**Exercise materials:**
++++++++

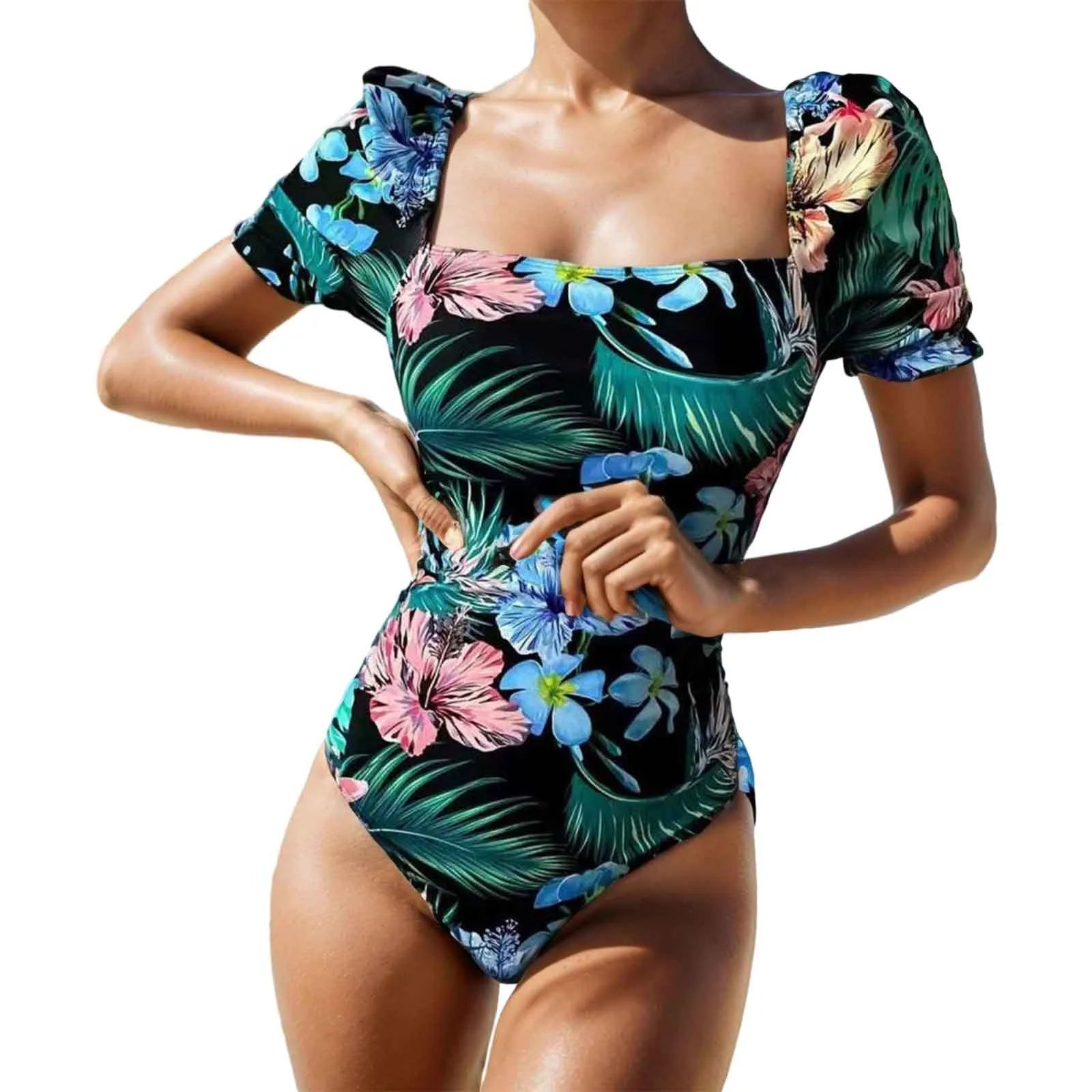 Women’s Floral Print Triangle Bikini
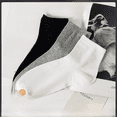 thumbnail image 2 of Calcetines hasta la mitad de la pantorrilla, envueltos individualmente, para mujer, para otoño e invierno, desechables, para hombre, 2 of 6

++++++++

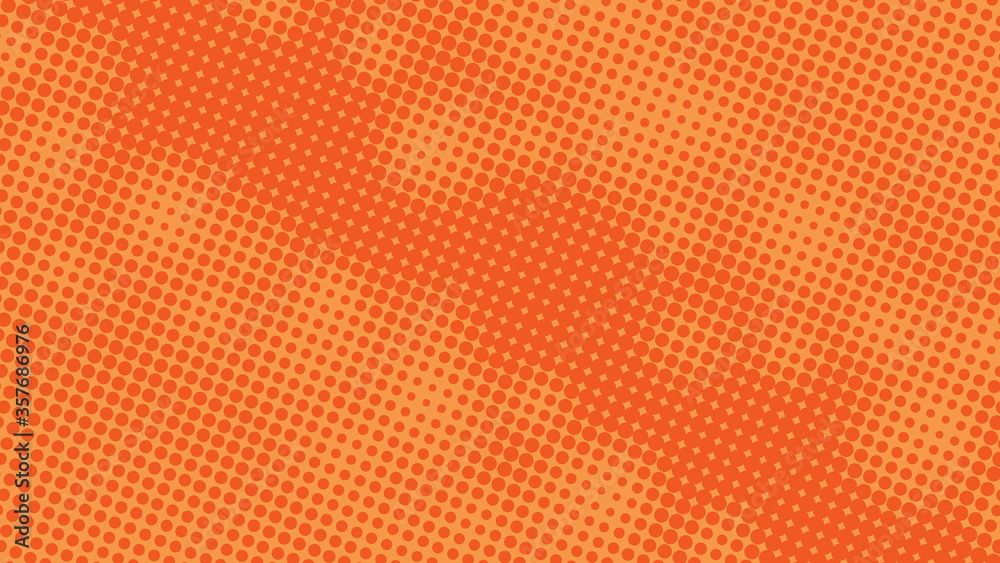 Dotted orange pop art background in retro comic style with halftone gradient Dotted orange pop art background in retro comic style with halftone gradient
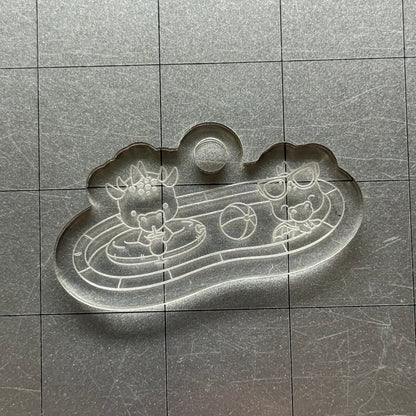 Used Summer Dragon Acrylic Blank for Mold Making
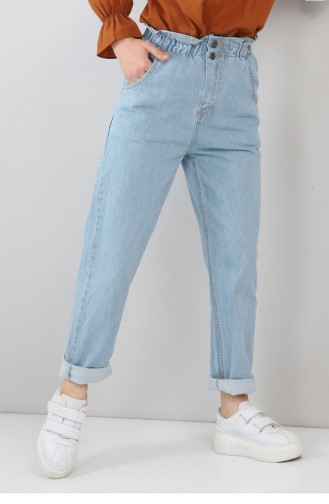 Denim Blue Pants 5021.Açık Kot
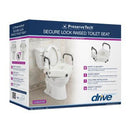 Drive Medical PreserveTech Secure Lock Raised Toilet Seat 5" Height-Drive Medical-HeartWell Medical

++++++++

**Exercise instructions:** Would you print exactly the lines in the listing above, from the line bearing "Women’s Floral Print Triangle Bikini" through the line bearing "thumbnail image 2", leaving out all pictures?

**Response box:**
 Women’s Floral Print Triangle Bikini
 thumbnail image 2 of Calcetines hasta la mitad de la pantorrilla, envueltos individualmente, para mujer, para otoño e invierno, desechables, para hombre, 2 of 6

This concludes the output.